This means that not only has the market for buying magazines been halved, but there is also roughly a GBP250m shortfall that is not being ploughed in the market this year. Two income streams -- and both of them have halved since 2010.
The long list of those who were once at the top of their game but are now online only not only now includes NME, but previous victims of a halving market, such as FHM, Loaded and Nuts. For anyone who grew up reading these titles, it is very difficult to think that they are no longer printed.
The NME move was reportedly a decision already made before Epiris bought the magazine as part of its purchase of Time Inc's UK portfolio for GBP130m last month. When you think of some of the very famous magazines the private equity firm got for their money, it makes you realise quite how much the market has slipped. There is the likes of Marie Claire, Horse and Hound, Woman's Own and Country Life, to name just a few of the most famous magazines in the country.
The interesting part of The Guardian feature picks up on conversations that I have had with quite a few savvy people in media. Namely at the top, there is likely to be a whittling away until just one or maybe two magazines remain in print. The problem is, the big sellers will still largely be general, and so it is hard to pin down who's reading them beyond a broad demographic or shared interest.

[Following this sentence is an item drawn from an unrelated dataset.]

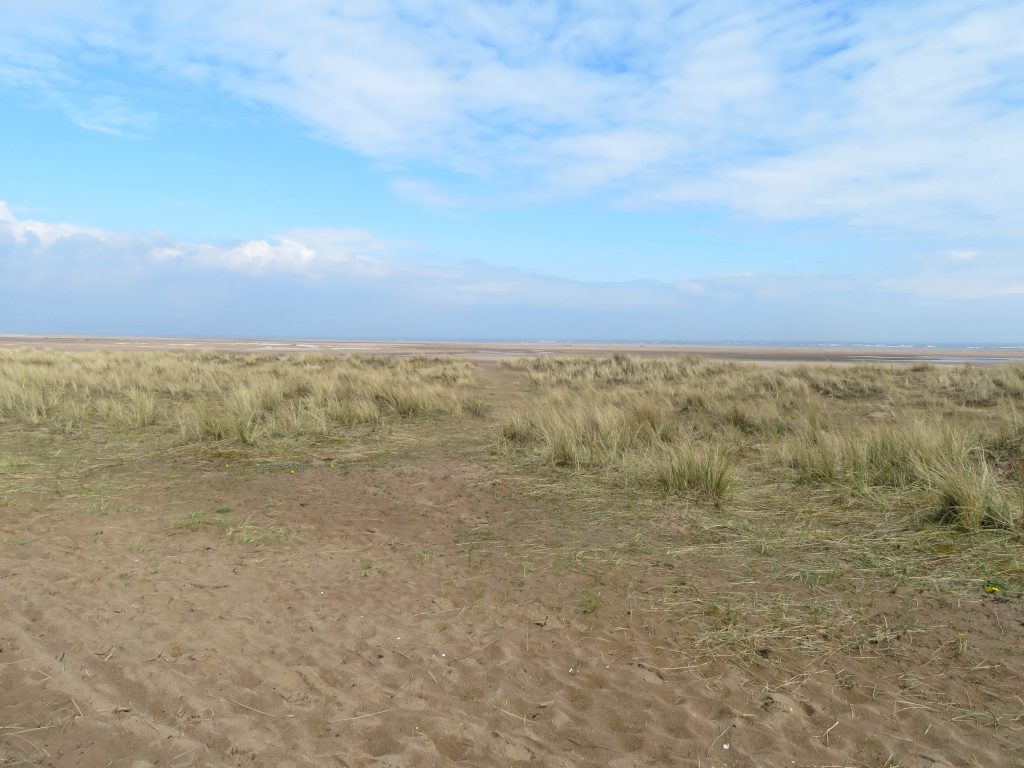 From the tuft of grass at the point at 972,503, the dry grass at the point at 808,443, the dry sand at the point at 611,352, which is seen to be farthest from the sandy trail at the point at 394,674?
the dry sand at the point at 611,352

However, there is a lot more traction in highly targeted publications that will always have a print fan base because buying the magazine is a part of pursuing that hobby or interest -- be it horse riding, sailing, photography or camping.
The part that I have always believe in, which comes out in this Guardian article, is that you still ultimately need more, as a publisher. You need to use the name of your well-known titles and bring them to life beyond the printed page and blog.

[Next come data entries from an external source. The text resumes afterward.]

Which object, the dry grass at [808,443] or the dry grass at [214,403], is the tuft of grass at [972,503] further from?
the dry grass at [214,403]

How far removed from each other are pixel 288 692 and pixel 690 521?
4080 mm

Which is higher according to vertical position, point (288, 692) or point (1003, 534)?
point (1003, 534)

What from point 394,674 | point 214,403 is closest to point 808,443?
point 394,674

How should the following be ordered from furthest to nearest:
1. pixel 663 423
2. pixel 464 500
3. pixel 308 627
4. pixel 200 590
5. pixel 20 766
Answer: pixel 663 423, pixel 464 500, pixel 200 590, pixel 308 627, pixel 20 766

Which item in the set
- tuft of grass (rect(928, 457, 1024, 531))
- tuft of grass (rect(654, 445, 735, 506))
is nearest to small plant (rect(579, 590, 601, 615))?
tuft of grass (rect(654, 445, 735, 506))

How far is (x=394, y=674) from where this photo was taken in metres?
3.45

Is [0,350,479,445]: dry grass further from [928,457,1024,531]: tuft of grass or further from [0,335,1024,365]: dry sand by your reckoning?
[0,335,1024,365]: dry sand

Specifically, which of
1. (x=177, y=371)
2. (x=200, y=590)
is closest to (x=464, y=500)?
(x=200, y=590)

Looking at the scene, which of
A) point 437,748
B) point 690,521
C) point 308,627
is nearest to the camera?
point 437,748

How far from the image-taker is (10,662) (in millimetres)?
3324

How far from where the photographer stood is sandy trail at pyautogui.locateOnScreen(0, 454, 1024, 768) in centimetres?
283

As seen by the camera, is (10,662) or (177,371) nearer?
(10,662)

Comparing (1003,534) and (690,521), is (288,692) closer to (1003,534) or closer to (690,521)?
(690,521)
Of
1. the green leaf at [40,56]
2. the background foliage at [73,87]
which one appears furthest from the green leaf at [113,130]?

Hearst is the one to watch here with its Good Housekeeping reviews accreditation service and Men's Health branding of gym equipment. There also the more obvious events and conferences that can breathe life in to a magazine and its publisher also.

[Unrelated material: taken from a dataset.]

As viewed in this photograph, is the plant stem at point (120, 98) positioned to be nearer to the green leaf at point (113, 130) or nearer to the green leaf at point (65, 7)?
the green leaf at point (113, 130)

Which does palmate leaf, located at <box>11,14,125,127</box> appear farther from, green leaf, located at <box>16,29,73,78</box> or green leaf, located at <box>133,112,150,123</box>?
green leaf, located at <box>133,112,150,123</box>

It's always hard for any journalist who started out in print, as we all did before digital, to talk about the demise of the medium without making it look vitriolic. Nothing could be further from the truth but we have to face facts. Digital has halved each of the two revenue streams magazines live or die by.
There is no room for nostalgia here and anyone who starts reading NME this week onwards is unlikely to rue the day it was available in print. Online-only magazines is a fact of life and, let's face it, a decade or so ago if a magazine wasn't making it in print, it just closed. Online can actually be seen as a lifeline for many titles.
The fact remains, however. Targeted -- and hopefully, differentiated -- audiences are the key to survival for all bar the very biggest and last-surviving generalist titles. And imagination is needed to plan events and use brand names beyond publishing to generate new revenue streams. There is still a future for magazine, only it's going to look a little different.